▶ [Goal of the exercise]: Return the full listing word for word, but drop every picture from it.

▶ [Given material]:
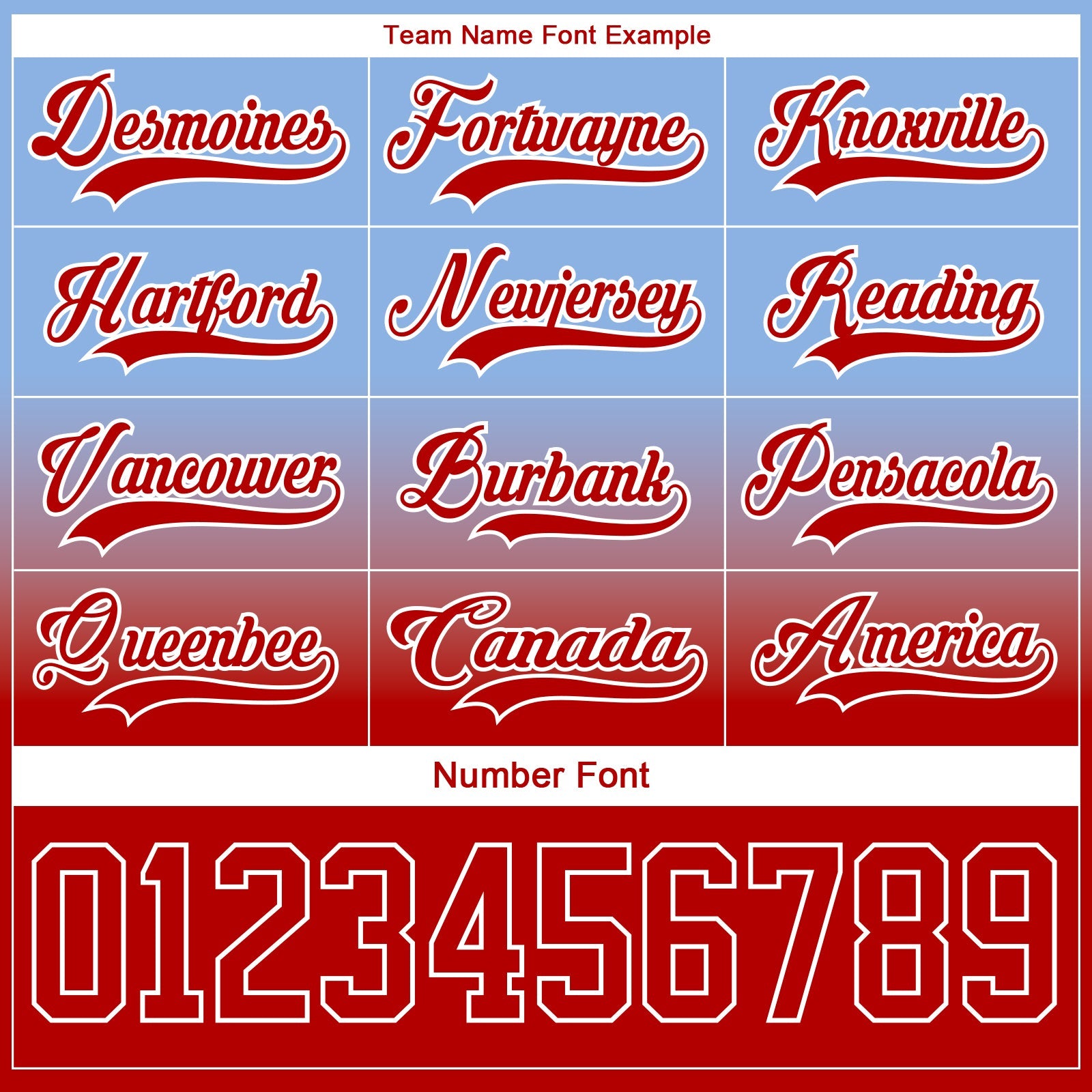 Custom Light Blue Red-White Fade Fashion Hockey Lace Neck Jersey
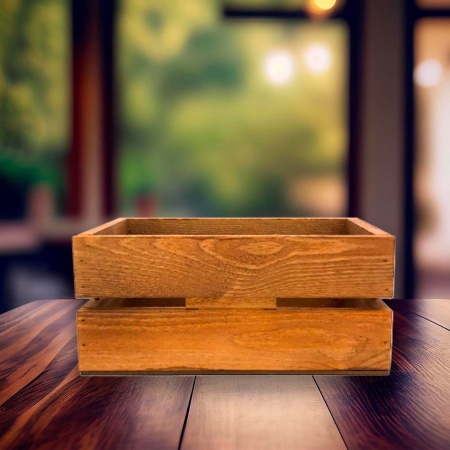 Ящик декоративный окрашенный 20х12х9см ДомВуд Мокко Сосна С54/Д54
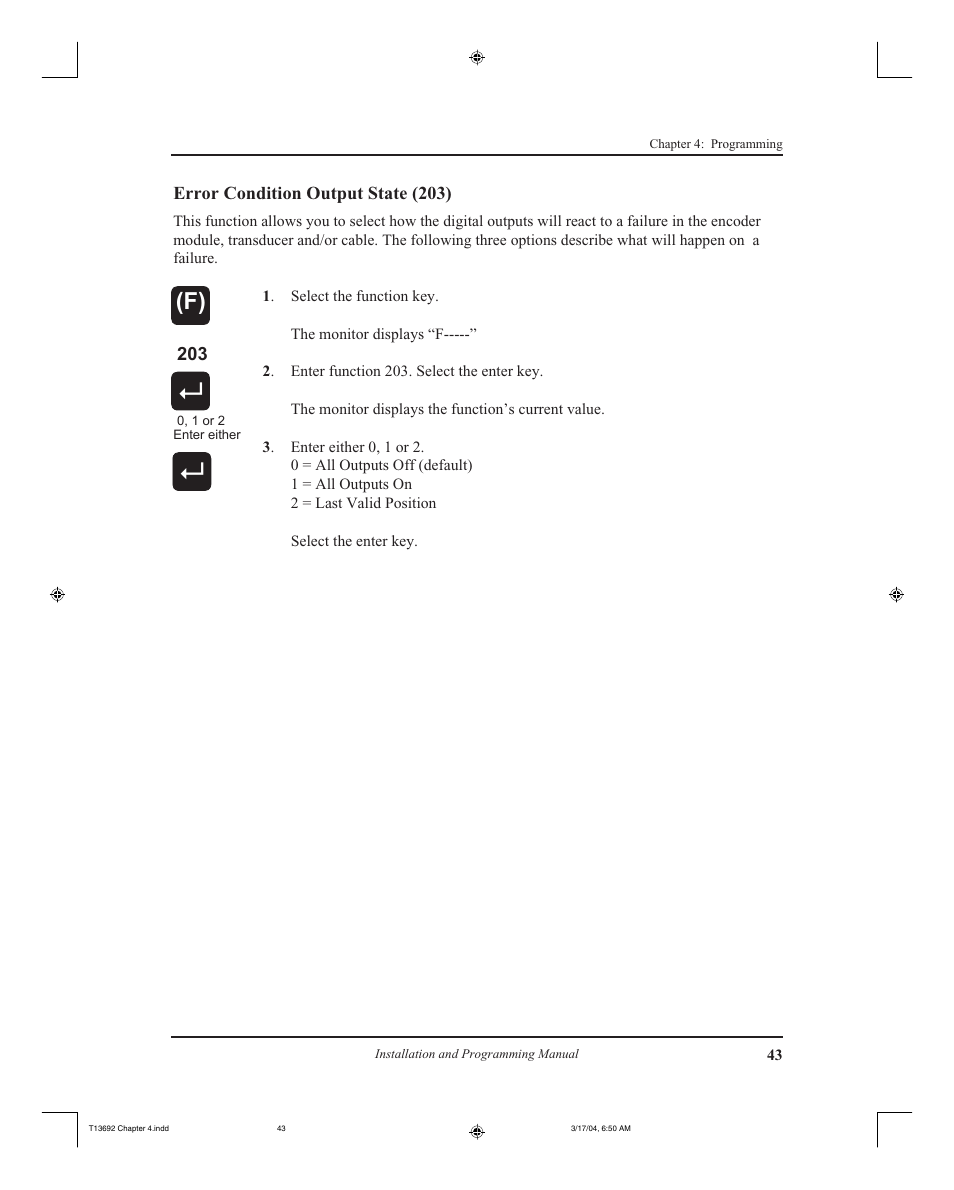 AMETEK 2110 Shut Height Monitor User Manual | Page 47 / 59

▶ [Written answer]:
 Custom Light Blue Red-White Fade Fashion Hockey Lace Neck Jersey
 Ящик декоративный окрашенный 20х12х9см ДомВуд Мокко Сосна С54/Д54
 AMETEK 2110 Shut Height Monitor User Manual | Page 47 / 59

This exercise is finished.